鑑賞したことが無い方は、注意して読み進めてください。

グッド・ネイバー

2016年、カスラ・ファラハニ監督によって製作された作品。

孤独な一人の老人を24時間監視する物語。

上映時間は98分。

あらすじ

舞台はアメリカ、暇な学生、ショーンイーサンは、近隣に住む孤独な老人グレイニー「実験」と称し、24時間監視カメラで監視することを決行する。

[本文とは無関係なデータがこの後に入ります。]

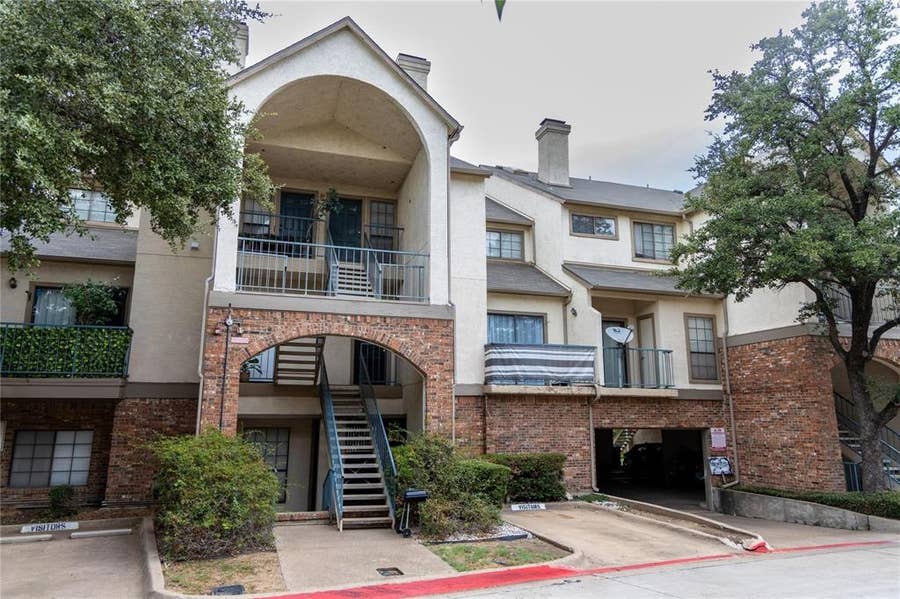 Property photo for 501 Arbor Creek Drive, Euless, TX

家に忍び込み、「心霊現象」に見せかけた、あらかじめ細工した現象を

引き起こしながら、面白がって観察を続けるが、徐々にグレイニーの「異常さ」垣間見えてくることとなる。

出演役者

本作の主人公、頭の切れる学生、ショーンを演じるのが「キーア・ギルクリスト」

イギリス出身の俳優で、映画作品よりはシーズンドラマへの出演が目立つ俳優である。

 

もう一人の主人公、悪さの好きな学生であるイーサンを演じるのが「ローガン・ミラー」

「サモン・ザ・ダークネス」「エスケープ・ルーム」といった、2020年に公開された、サスペンス調の作品へ多数キャスティングされる、現代映画の第一線を走り抜ける俳優。

破天荒なキャラクターとしての立ち回りが多く、本作でも、物語の進行をけん引するキャラクターを演じてくれた。

 

本作の物語の中心人物、孤独老人のグレイニーを演じるのが、「ジェームズ・カーン」

アメリカを代表する超有名俳優。

1960年代から、数え切れないほどの作品に出演し、あの「ゴッドファーザー」ソニー・コルレオーネを演じているのも彼である。

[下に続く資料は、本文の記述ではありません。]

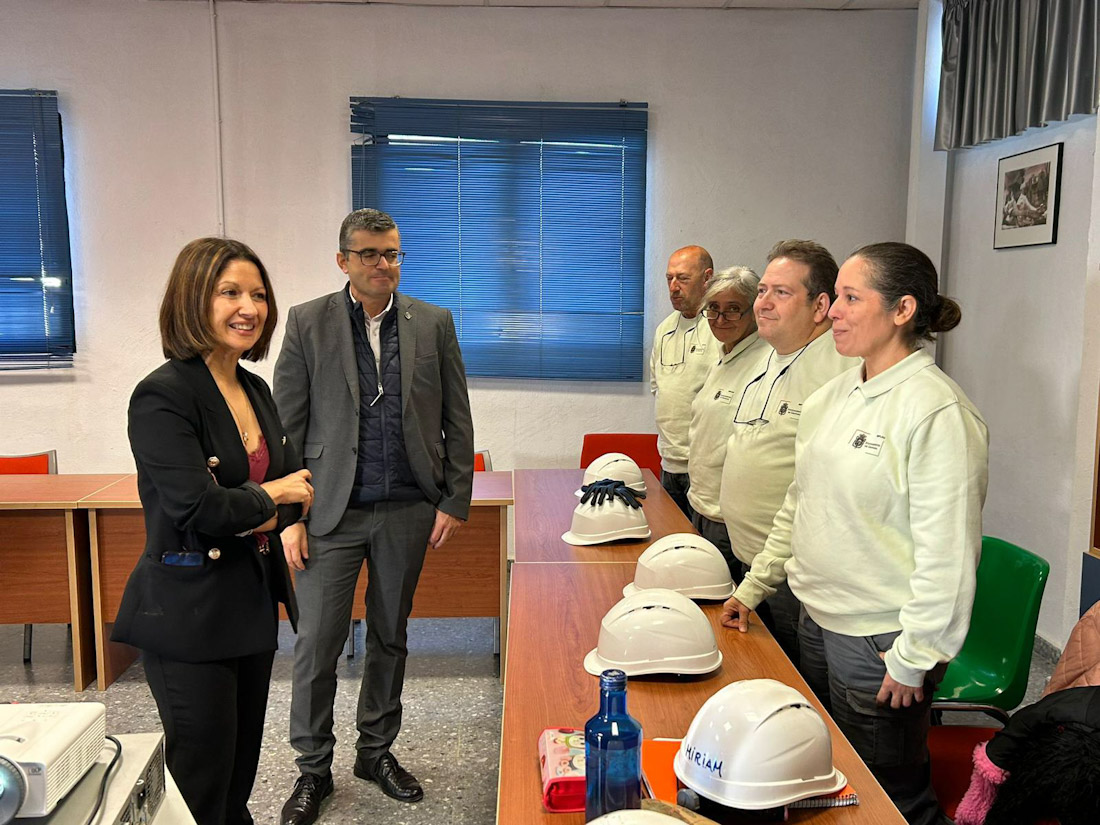 Visita al programa de formación y empleo (AYTO. GRANADA)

貫禄ある演技で、本作の「狂気」の部分を増大させるほどの演技を魅せてくれている。

ネタバレ感想と考察

見れば見るほど先が気になってしまう脚本のしかけ

パッケージ、映画タイトル、どれを取っても、「ホラー」「サスペンス」を好む映画マニアなら惹かれてしまうような本作では、物語の脚本の進み方も、見れば見るほどに先が気になってしまうような構成で描かれていた。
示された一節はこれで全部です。